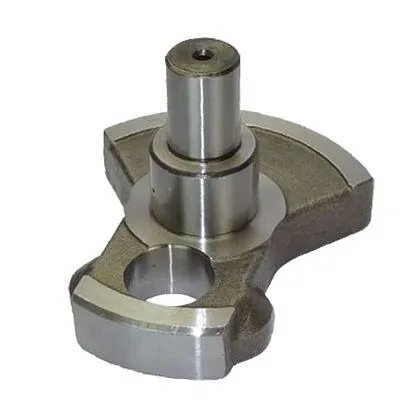 Щека (кривошип) коленвала Skipper для Yamaha 9.9,13.5,15 Щека (кривошип) 2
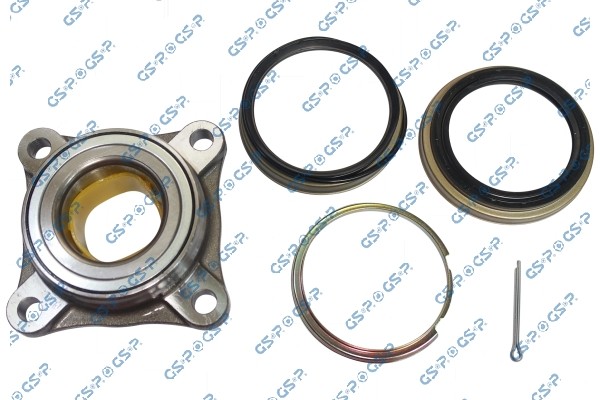 Fits GSP 9254902K KOúA+KPL HUB. TOYOTA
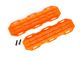 koop Tractiestarthulpmiddelen oranje (2) by Traxxas for only € 9,95 in TRX 8000 tot 8499 at Bliek Modelbouw, Bliek Modelbouw. Beschikbaar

What to work on ▸ Output the whole listing exactly. Pictures stay out.

Expected answer ▸
 Щека (кривошип) коленвала Skipper для Yamaha 9.9,13.5,15 Щека (кривошип) 2
 Fits GSP 9254902K KOúA+KPL HUB. TOYOTA
 koop Tractiestarthulpmiddelen oranje (2) by Traxxas for only € 9,95 in TRX 8000 tot 8499 at Bliek Modelbouw, Bliek Modelbouw. Beschikbaar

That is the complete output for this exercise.